Just to confirm (using an arbitrary but reasonably low number)
Perchance
Though about this. Perhaps instead of stances/strict, it should be momentum/loose. So maybe if I swing my sword in a wide arc, I gain some momentum towards the top of the board, and that makes certain follow-up moves stronger - but they were always available anyway
Or, alternatively, I can always do things from anywhere on the board, but if I do things that are close/connected, I gain momentum which makes me generally stronger
It could be some of both, sorta like the image I had sent here it has moves that you can take at any time (underlined), otherwise you move to nearby moves at will but you can't go diagonal or jump gaps
even a 3x3 grid, you only have access to the center or up/down/left/right restricts 4 moves in every position
Yeah but like, instead of a hard restriction, it could be an incremental bonus that you can try to keep up
melee + empty including bare fists means monk will be getting this grid as well, just to confirm?
random thought
no, but a pugalist style fighter might.
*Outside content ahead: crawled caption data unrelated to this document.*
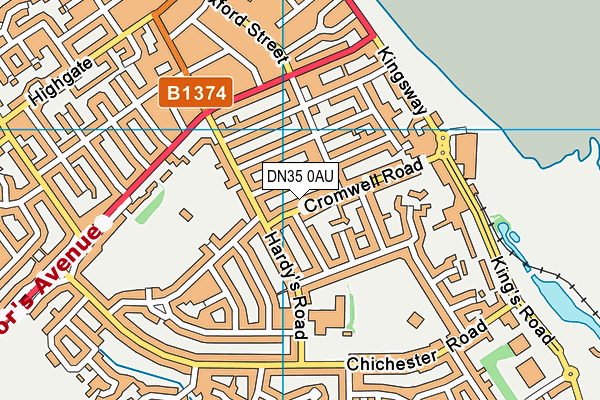 DN35 0AU map - OS VectorMap District (Ordnance Survey)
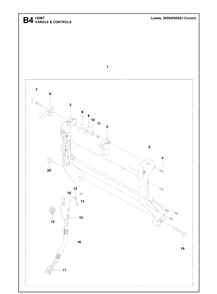Handle And Controls 4 Diagram and Parts List for  Husqvarna Leaf Blower / Vacuum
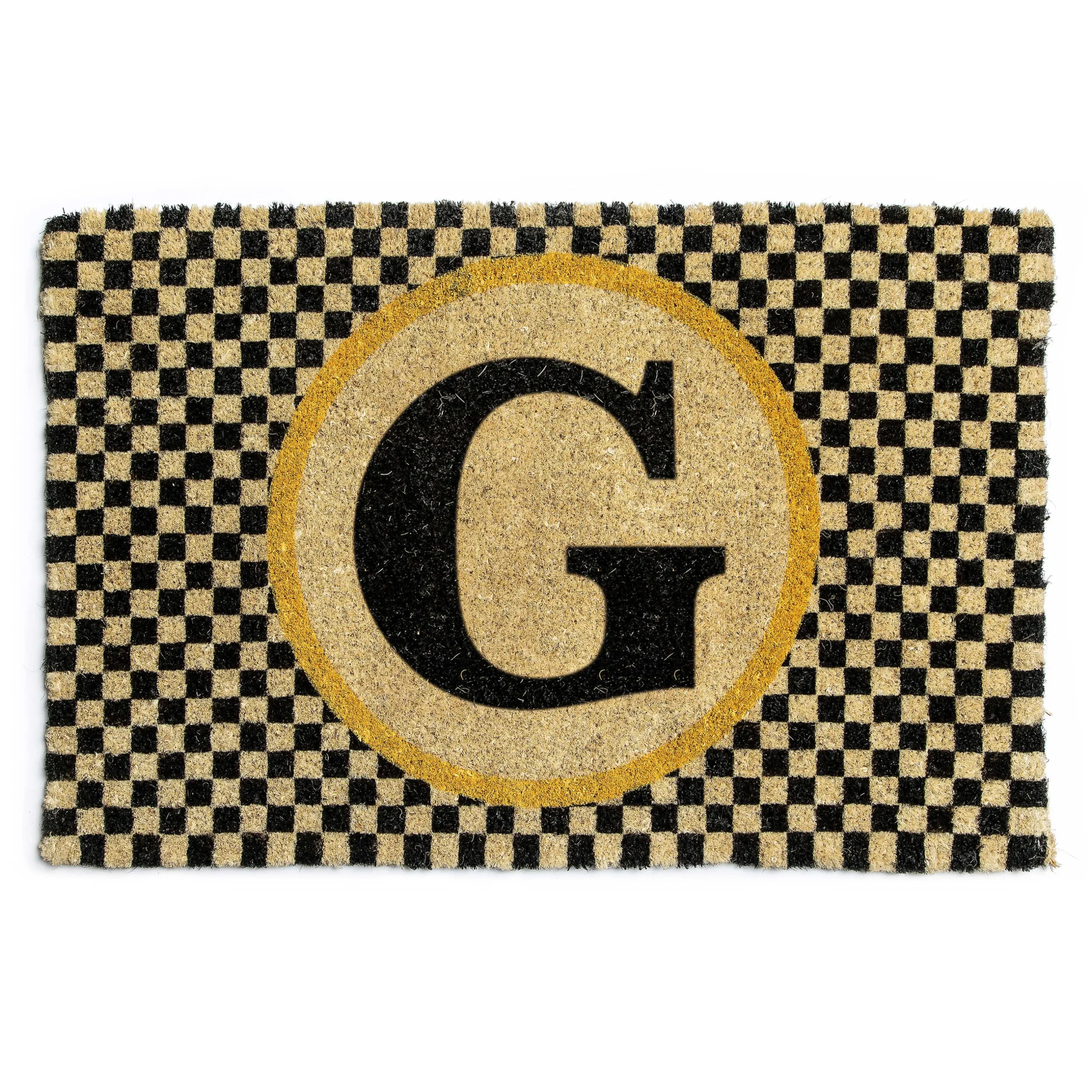 Clearance MacKenzie-Childs Single Letter Monogrammed Entrance Mat - G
This is (at least atm) intended to be a Fighter feature, not a thing that applies to all FS/Mastery/etc.
If it turns out to be really simple and intuitive to use, I could see expanding it to more martials. But Monk would really only have the TWF style available so quite narrow
will a truncated system be applied to other martials and the half-martials (ranger and paladin), or will something else be done in those cases then?
I think they'll have their own thing entirely separate from this, I (currently) want this to be a Fighter exclusive thing to help them be more unique
#quick_questions message
Made a poll for a symbol question on the Stance thing I'm working on
Experiment 1
Context for use
Some notes from myself
- I think its still too complex atm, and not very intuitive
- I think the chart could probably be simplified a lot, unsure how I wanna display it yet
- I think its interesting, and might lead to interesting gameplay, but I'd have to test it to really get a feel
- I might wanna make it such that each Stance is only a single effect, but its difficult making an effect that isn't giving Fighter too much strength (its already strong) or something so niche that nobody will ever use the stance
I also currently do not have any "stance changing events" as I had theorized before, I realized I may not want this stance thing to be so encompassing as to draw much focus from the player to maintain, so wanted to simplify
Disengaging is quite strong purely because it doesnt seem action-tied per se, would removing the "Defensive" portion and tying "Disengaging Shot" to taking the Disengage action be too much?
this is meant to be more complex than baseline to a certain degree, so there's bound to be a slight learning curve imo
So the idea is that since you plan this a turn in advance (swap stance at end of turn to this), you make the disengaging shot before your next turn to get some distance and when you run any other targets that can reach you other than your main target can't hit you as well. But, the CQC shot is still at Disadvantage, so its not guarenteed you even ignore the triggering creature's OA.
The bigger cost is you don't really get anything beneficial on your turn beyond disadvantage OA's, which isn't guarenteed to keep you safe
do you think its still too powerful, even though its more mitigating rather than empowering?